A company car is a vehicle provided by the business for both business and private use of an employee who usually is required to travel extensively for their role, for example a regional sales manager. Company cars have pros and cons from the point of view of both the employer and the employee this blog explores these and the alternatives.
It would be classed as a benefit in kind (BIK) if employees use their company car outside of work and therefore would be taxed by HMRC by the employer completing a P11D form. The BIK tax rate on a company car is based on a calculation which takes into consideration the following factors:
- The age of the car
- The fuel type
- The CO2 emissions
- The engine size
- The list price of the car
The amount of company car tax you’ll pay also depends on your personal income tax bracket so a 20% taxpayer would pay 20% of the taxable portion of the car’s P11D value and a 40% taxpayer, would pay 40% on the taxable portion of the P11D value. This amount is usually deducted from the employees pay by receiving a revised tax code notice from HMRC.

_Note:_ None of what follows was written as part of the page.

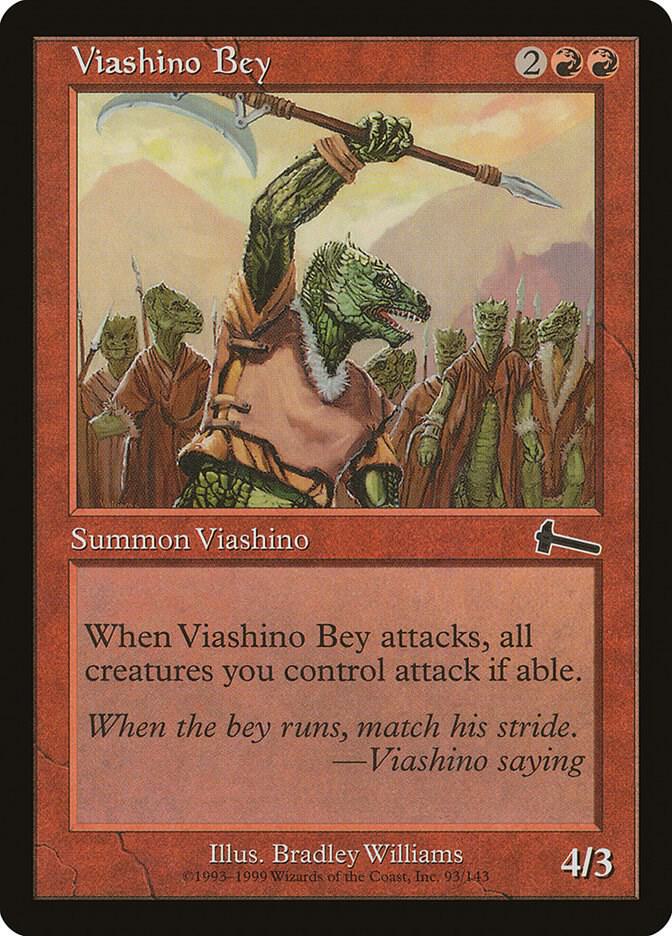 Viashino Bey [Urza's Legacy - 93]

Even with BIK tax rates, a company car offers lots of positive benefits including:
- You’re not personally tied into a financial contract
- Insurance, servicing & maintenance are usually covered by the employer
- There’s no depreciation costs as you never own the vehicle
- You get to drive a new model every three or four years
Conversely, a company car also has lots of considerations, including:
- Restrictions set by the employer may mean you do not get a choice of vehicle
- Company BIK tax rates can be expensive for high value vehicles and are linked to the list price of the vehicle not necessarily what the company paid for it.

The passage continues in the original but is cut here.